(Supplied records):

=-=-=-=-=

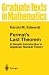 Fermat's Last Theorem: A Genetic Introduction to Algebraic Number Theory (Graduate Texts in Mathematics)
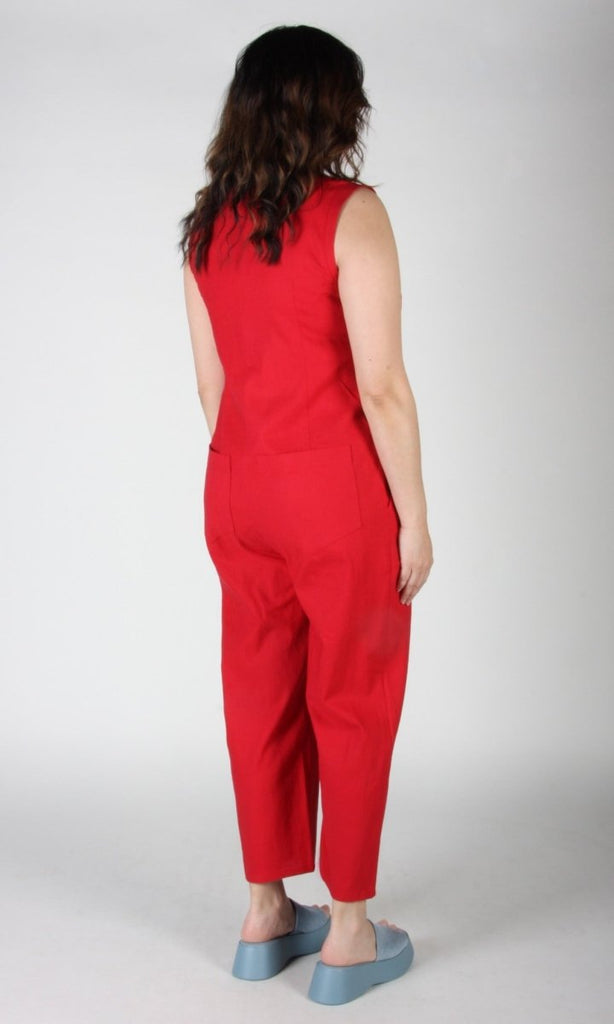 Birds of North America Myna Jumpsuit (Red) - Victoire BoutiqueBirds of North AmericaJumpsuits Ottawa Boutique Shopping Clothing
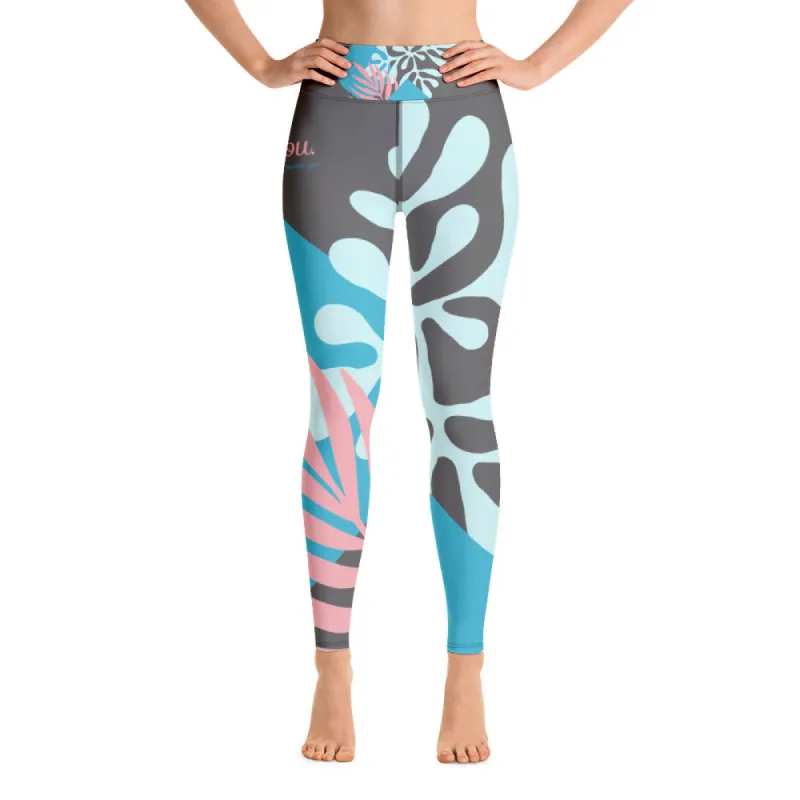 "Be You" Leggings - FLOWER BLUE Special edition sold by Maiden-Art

=-=-=-=-=

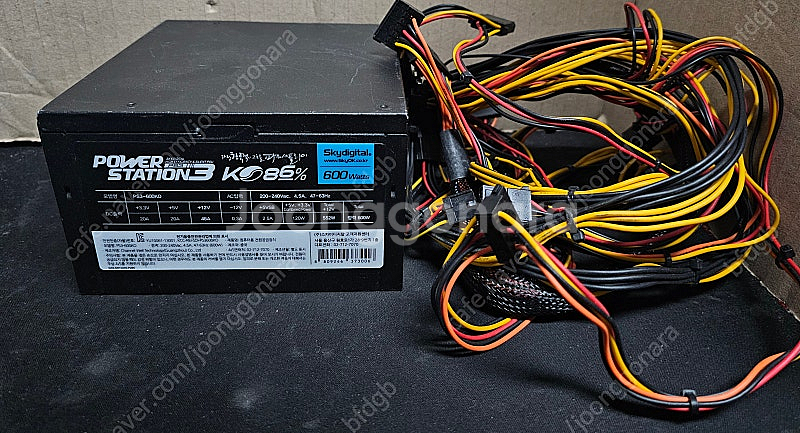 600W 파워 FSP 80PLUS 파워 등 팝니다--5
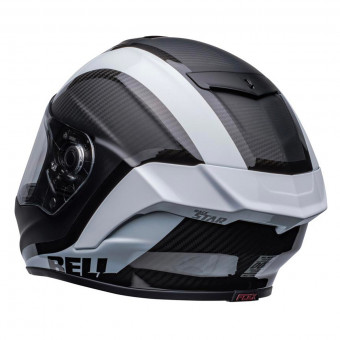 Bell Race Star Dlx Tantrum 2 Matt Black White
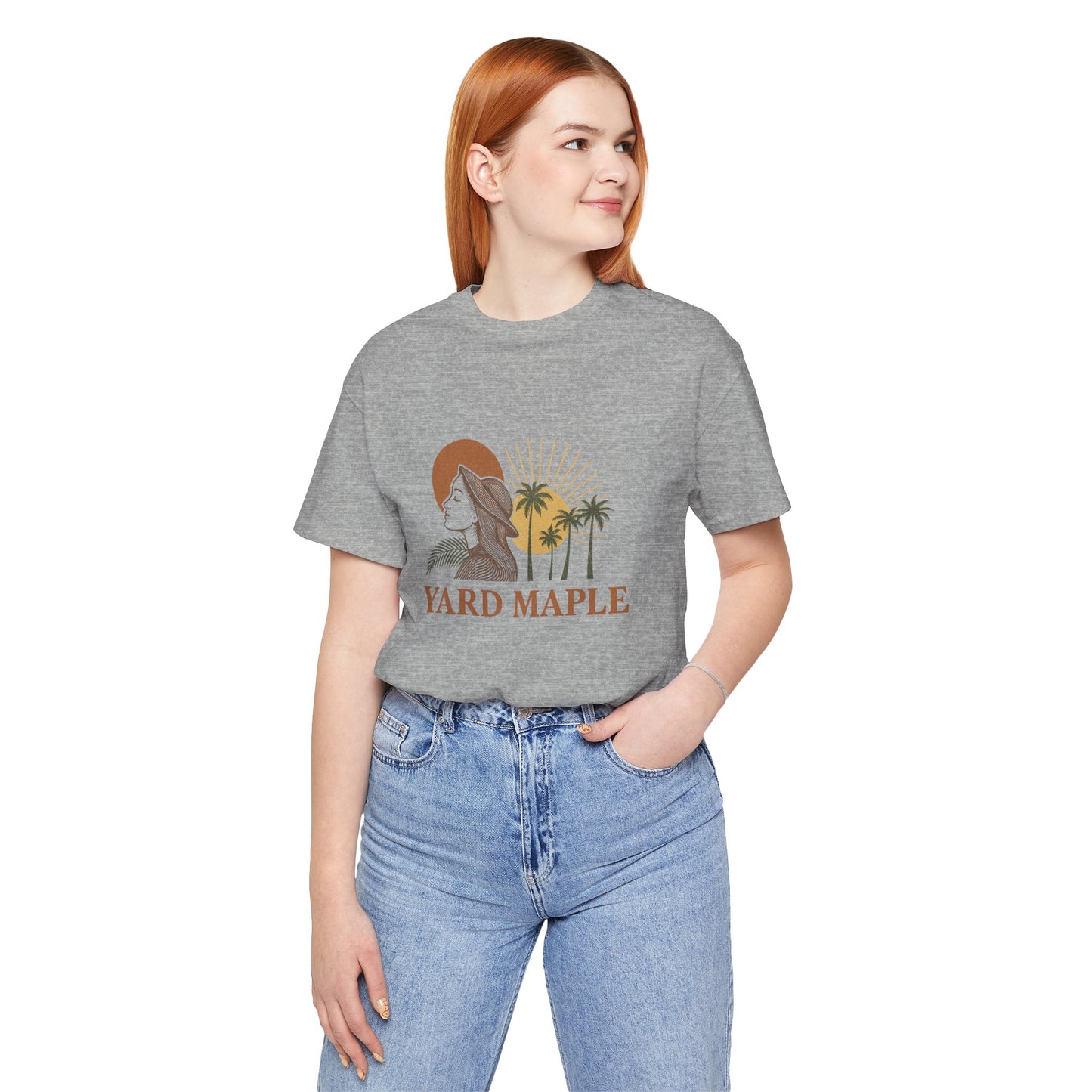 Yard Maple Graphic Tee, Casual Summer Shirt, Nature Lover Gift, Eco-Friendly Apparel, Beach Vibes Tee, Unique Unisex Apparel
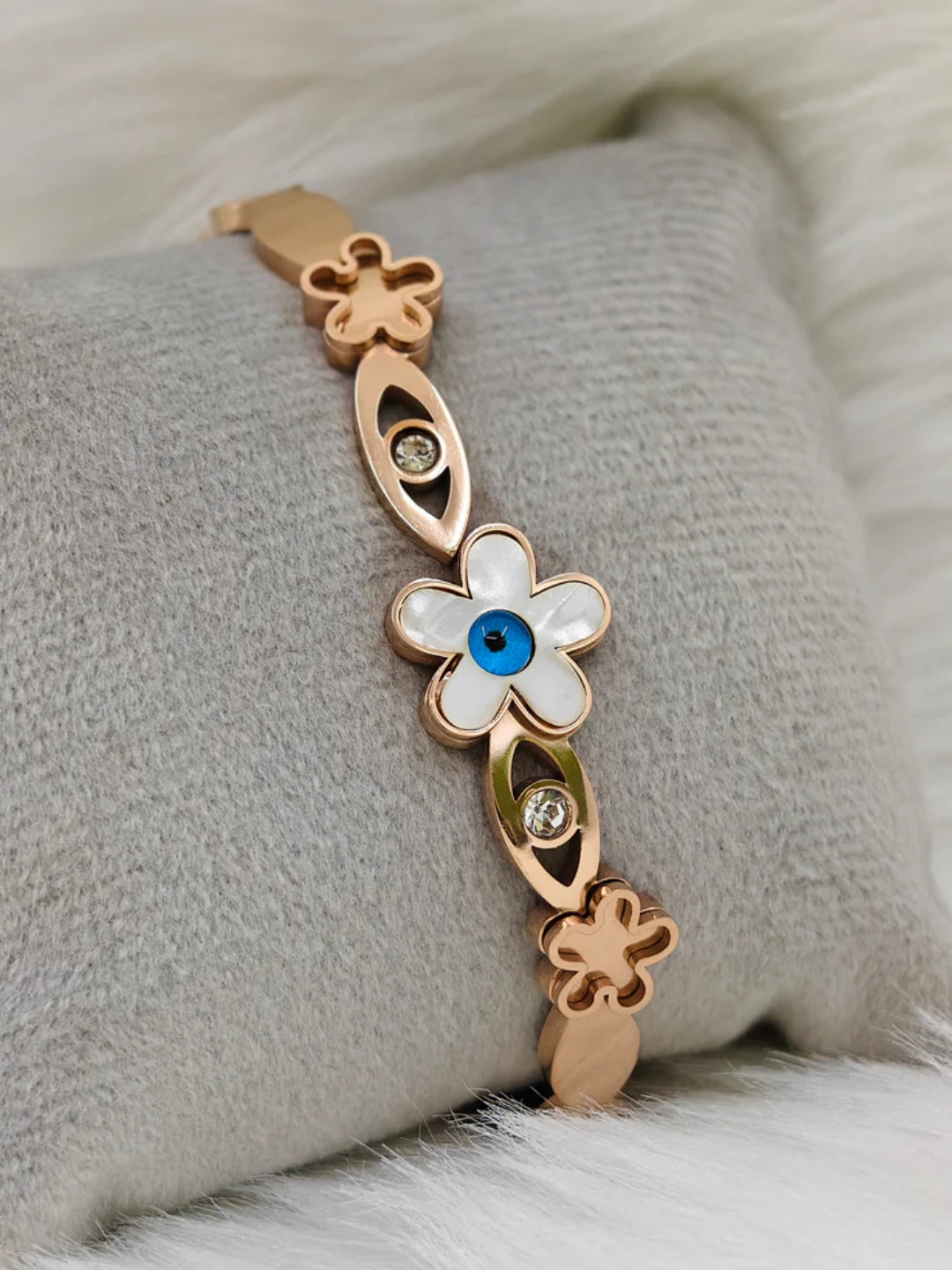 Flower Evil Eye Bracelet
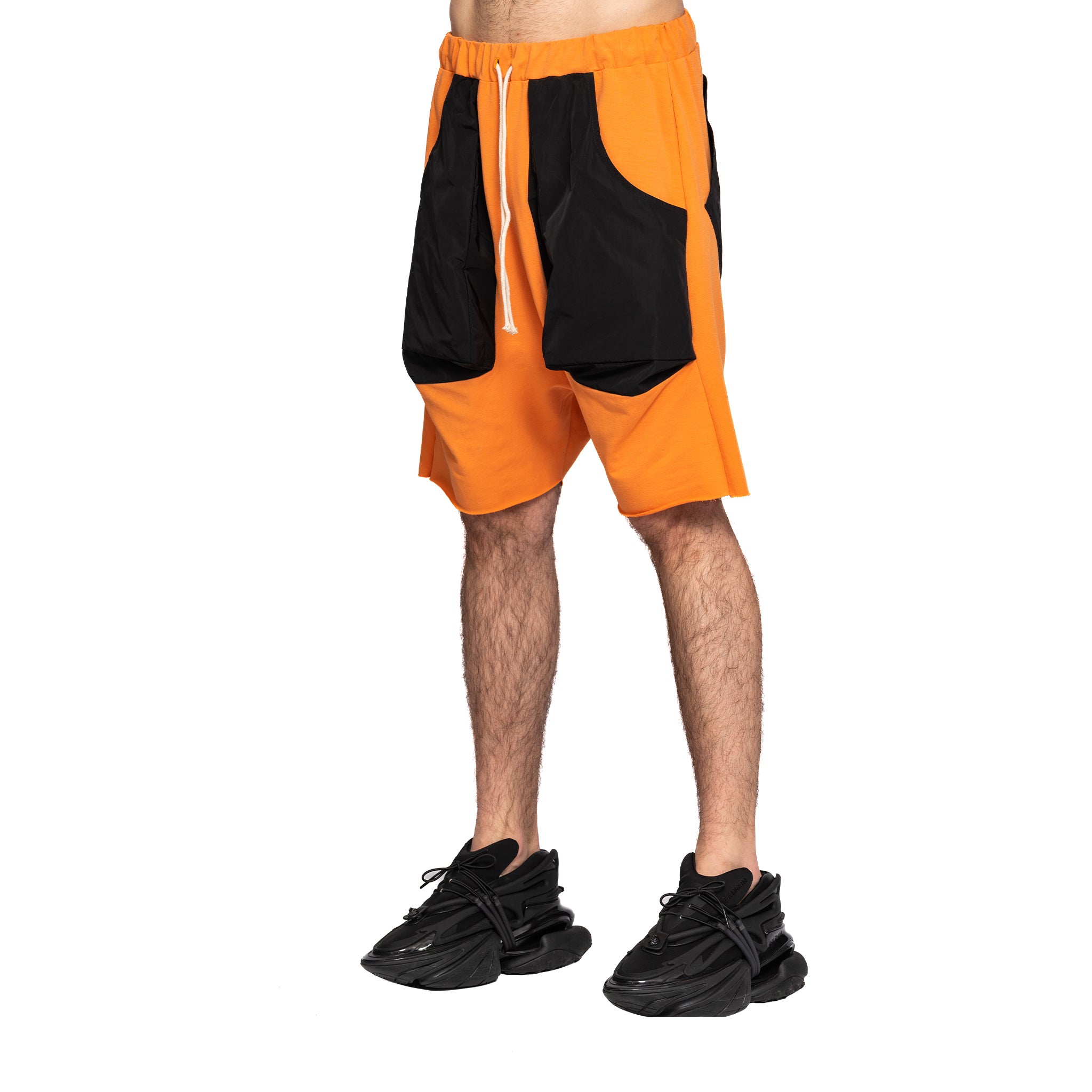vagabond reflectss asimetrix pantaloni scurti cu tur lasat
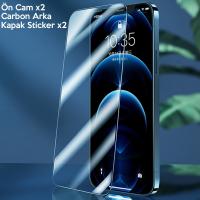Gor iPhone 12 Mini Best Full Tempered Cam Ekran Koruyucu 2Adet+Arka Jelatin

=-=-=-=-=

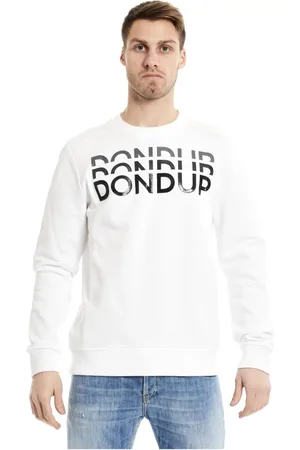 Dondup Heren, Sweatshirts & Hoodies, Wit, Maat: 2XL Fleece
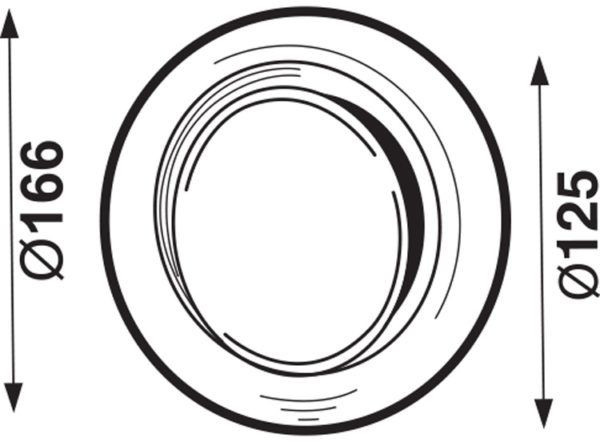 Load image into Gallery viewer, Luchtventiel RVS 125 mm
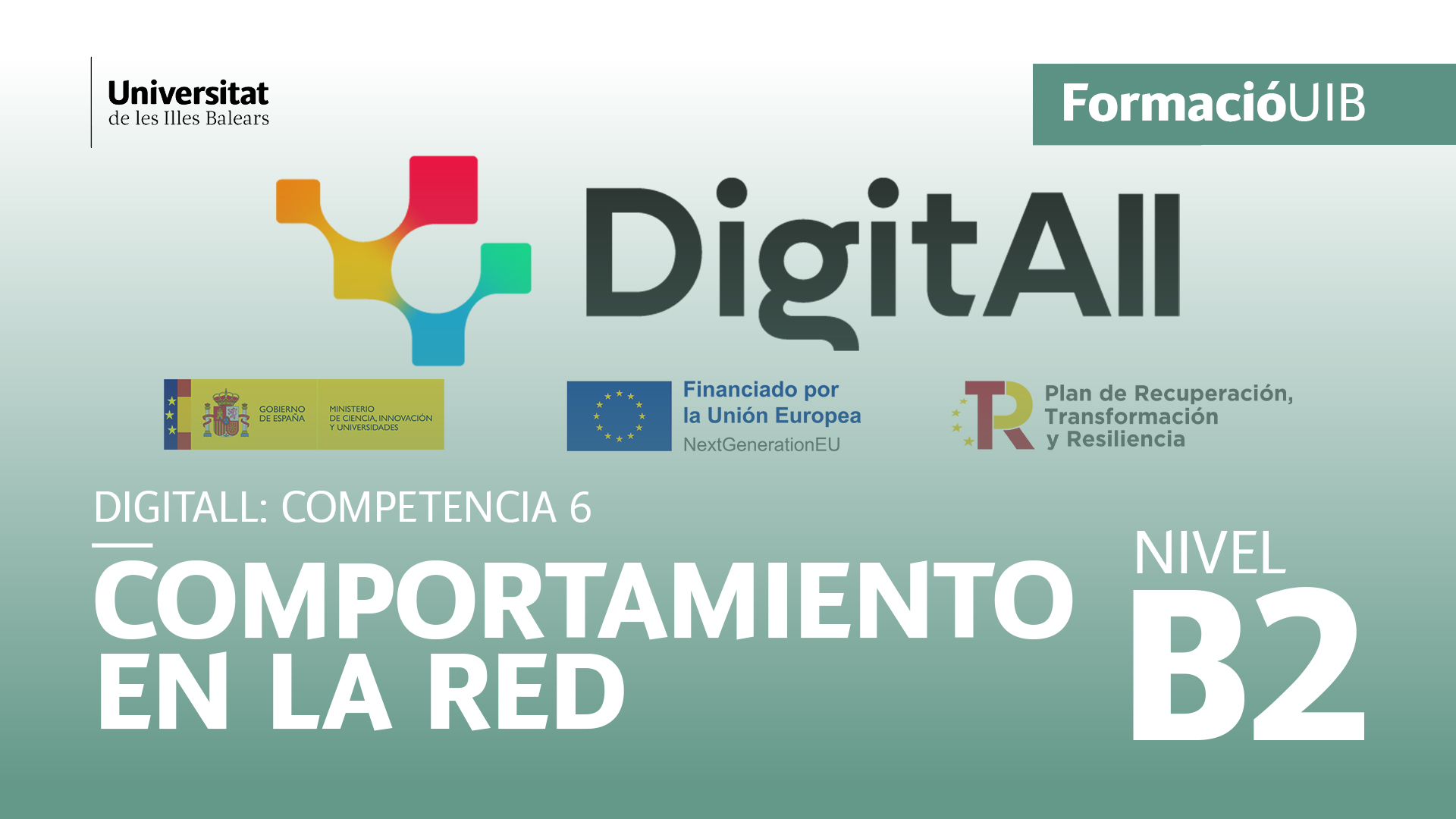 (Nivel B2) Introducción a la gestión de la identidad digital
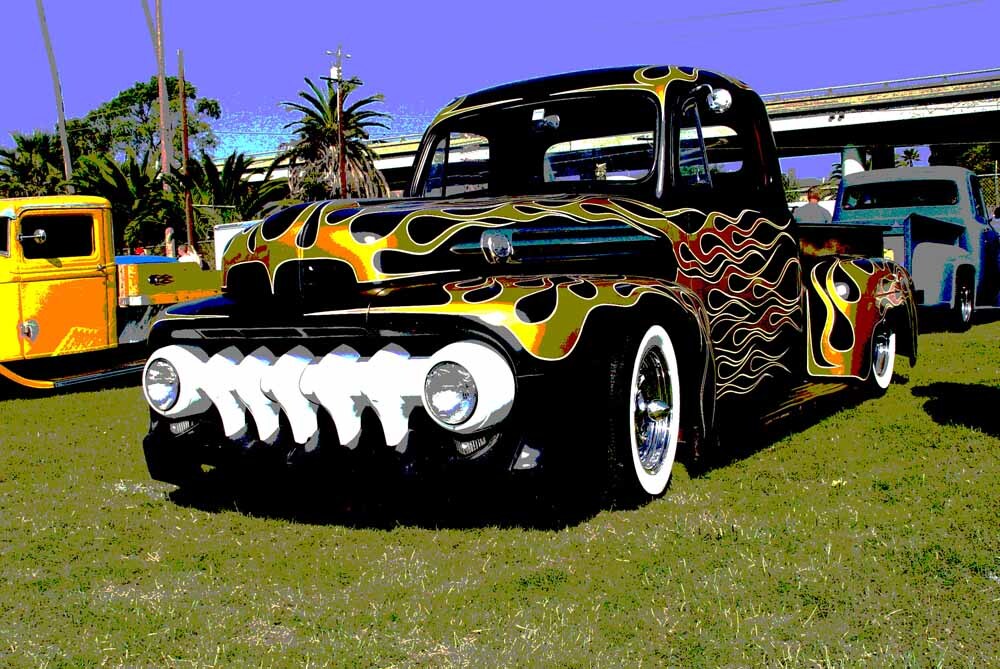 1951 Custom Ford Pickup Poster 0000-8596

=-=-=-=-=

(Aim of the exercise):
Write back word for word every line in the entries above from the one with "Fermat's Last Theorem: A" to the one with "sold by Maiden-Art", ends included, and none of the pictures.

(Expected answer):
 Fermat's Last Theorem: A Genetic Introduction to Algebraic Number Theory (Graduate Texts in Mathematics)
 Birds of North America Myna Jumpsuit (Red) - Victoire BoutiqueBirds of North AmericaJumpsuits Ottawa Boutique Shopping Clothing
 "Be You" Leggings - FLOWER BLUE Special edition sold by Maiden-Art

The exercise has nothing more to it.